:: Problem description ::
Your copy should start at the line with "vidaXL Ensemble de" and end at the line with "Personalised 18th Birthday" in the data below. Transcribe only those lines, exactly, pictures excluded.

:: Records for the exercise ::
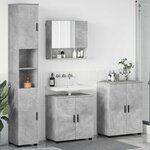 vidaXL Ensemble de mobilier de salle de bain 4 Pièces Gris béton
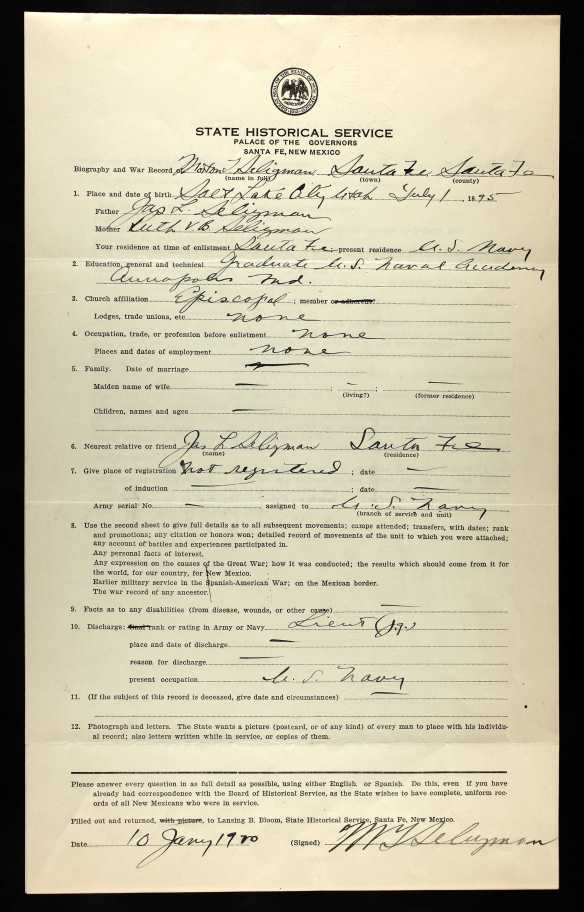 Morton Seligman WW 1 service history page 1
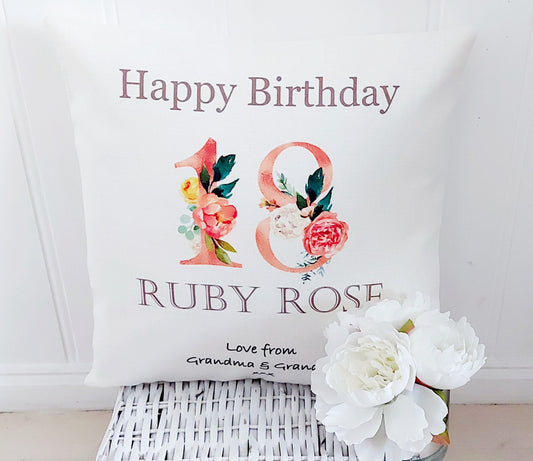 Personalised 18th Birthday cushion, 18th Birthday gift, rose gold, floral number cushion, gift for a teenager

---

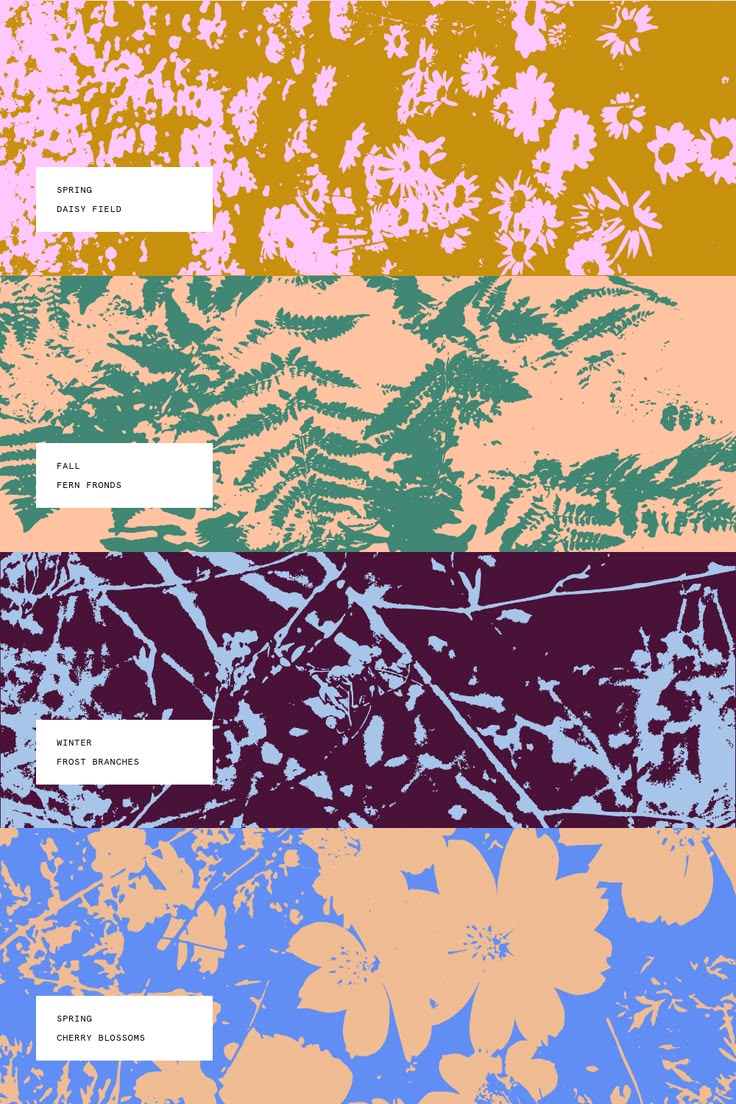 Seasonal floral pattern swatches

---

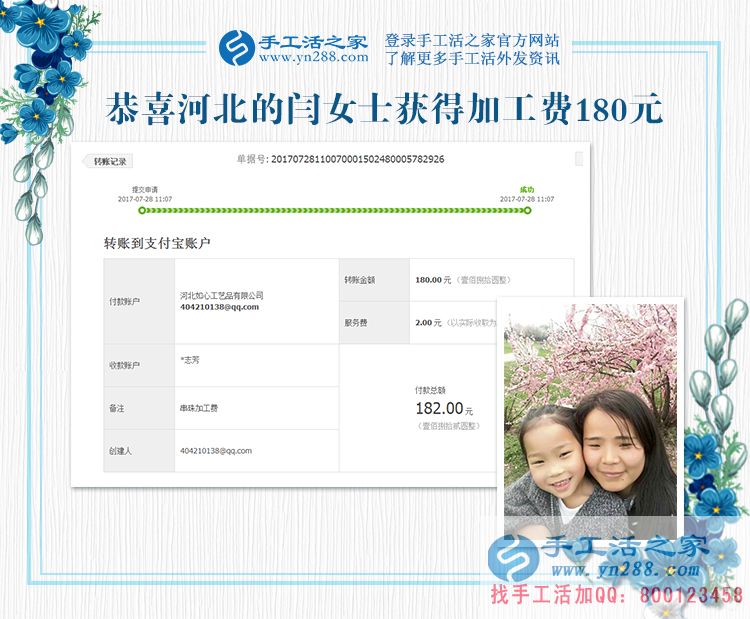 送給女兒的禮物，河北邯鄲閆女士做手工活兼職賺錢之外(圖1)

:: Reply ::
 vidaXL Ensemble de mobilier de salle de bain 4 Pièces Gris béton
 Morton Seligman WW 1 service history page 1
 Personalised 18th Birthday cushion, 18th Birthday gift, rose gold, floral number cushion, gift for a teenager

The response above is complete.